Um conjunto de aproximadamente 3 mil entidades empresariais de todas as regiões do Brasil uniu-se em torno de um manifesto público pedindo aos senadores a aprovação da Proposta de Emenda à Constituição (PEC) nº 12/2026, conhecida como PEC do Trabalho Flexível. O grupo afirma representar cerca de 90% do PIB nacional e responder por mais de 40 milhões de empregos no país.
A iniciativa é encabeçada pelo Movimento Pró-Brasil (MPB) e tem como alvo o texto de autoria do senador Rogério Marinho, que propõe reformular as relações de trabalho com base no princípio da autonomia do empregado na escolha de sua jornada.
PEC
O núcleo da proposta é permitir que o próprio trabalhador opte, se assim desejar, por um regime baseado em horas flexíveis. Na prática, o modelo abriria caminho para que jovens conciliem trabalho e estudos, mães adaptem seus horários à rotina de cuidado com os filhos, e trabalhadores chefes de família ampliem a renda em períodos de maior demanda em seus setores.
Segundo os defensores da PEC, todos os direitos previstos no artigo 7º da Constituição Federal seriam mantidos. Benefícios como 13º salário, férias, terço constitucional, FGTS, INSS e aviso prévio continuariam garantidos, calculados proporcionalmente às horas efetivamente trabalhadas. A proposta também estabelece um piso para a remuneração por hora, que não poderá ser inferior ao salário mínimo nacional ou ao piso da categoria profissional correspondente.
Jornada única
O manifesto também toma partido em outro debate em curso no Congresso. O Movimento Pró-Brasil se posiciona explicitamente contra projetos que busquem impor uma escala de trabalho única e uniforme para todo o mercado, sem levar em consideração as especificidades das mais de 2.700 ocupações existentes no país nem os impactos econômicos para empresas, poder público e sociedade.

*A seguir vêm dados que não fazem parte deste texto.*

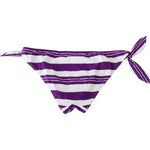 Dolce & Gabbana Purple White Stripes Beachwear Bikini Bottom BIK1216-IT2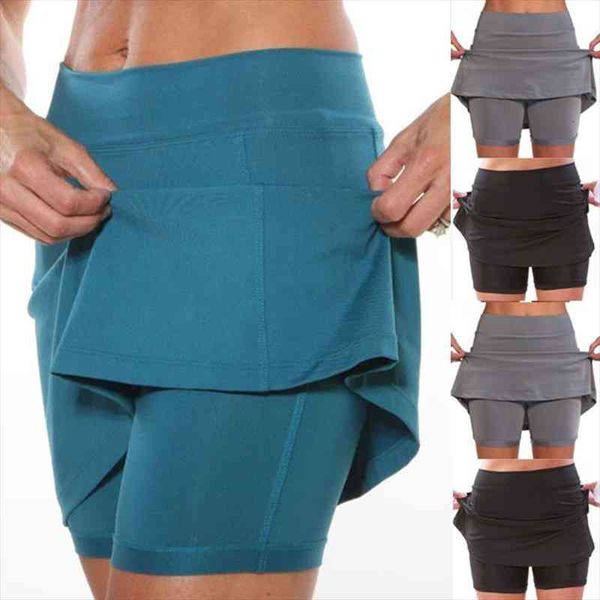summer women skirts fake two pieces shorts skirts high waist casual fitness female a line, Black
summer women skirts fake two pieces shorts skirts high waist casual fitness female a line, Black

Confira a nota na íntegra:
Uma carta para o Brasil que acorda cedo
A vida não bate ponto do mesmo jeito todos os dias. Tem mês que o movimento bomba e o trabalhador consegue tirar uma boa comissão. Tem mês que a coisa aperta e é preciso correr atrás de um extra para fechar as contas.
Tem dia que o filho fica doente, que é necessário sair mais cedo para levar o pai ao médico ou para ver a apresentação da filha na escola. Quem está na luta sabe: a vida real não cabe numa caixinha fechada.

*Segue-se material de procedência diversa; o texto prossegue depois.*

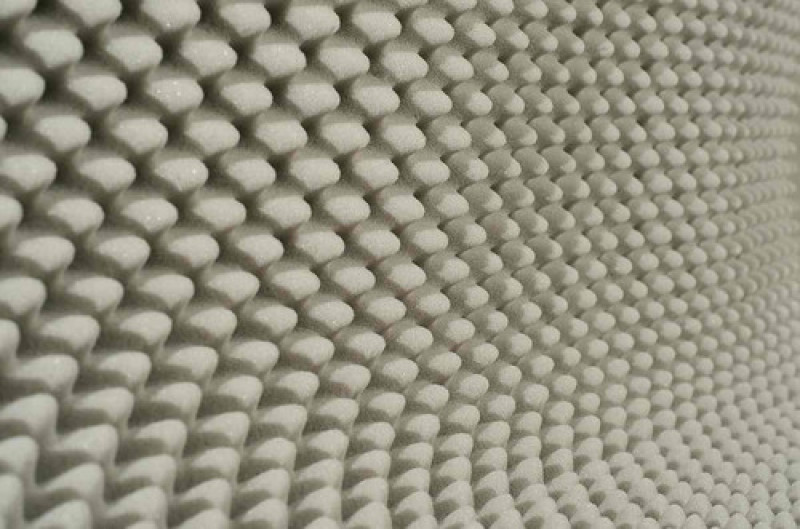 Pianka akustyczna fala 1m x 1m x 50mm jasnoszara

Hoje, o Senado Federal analisa a PEC 12, do Trabalho Flexível. Mais que uma alteração na Constituição, ela é a chance de finalmente colocar a decisão na mão de quem move este país: você, trabalhador brasileiro.
Quer trabalhar menos horas por dia para conseguir estudar ou cuidar dos filhos? Você pode. Quer trabalhar mais em dezembro, quando o movimento está lá em cima, para entrar o ano sem dívida? Também dá.
E tudo isso com os direitos da CLT garantidos, como 13º salário, férias, 1/3 de férias, FGTS, aviso prévio e etc. É o melhor dos dois mundos: a proteção da CLT com o benefício de decidir sobre a própria vida.
Mas existe outra proposta em votação que quer fazer exatamente o contrário: impor a mesma escala engessada para todo mundo, como se o Brasil real funcionasse em “tamanho único”.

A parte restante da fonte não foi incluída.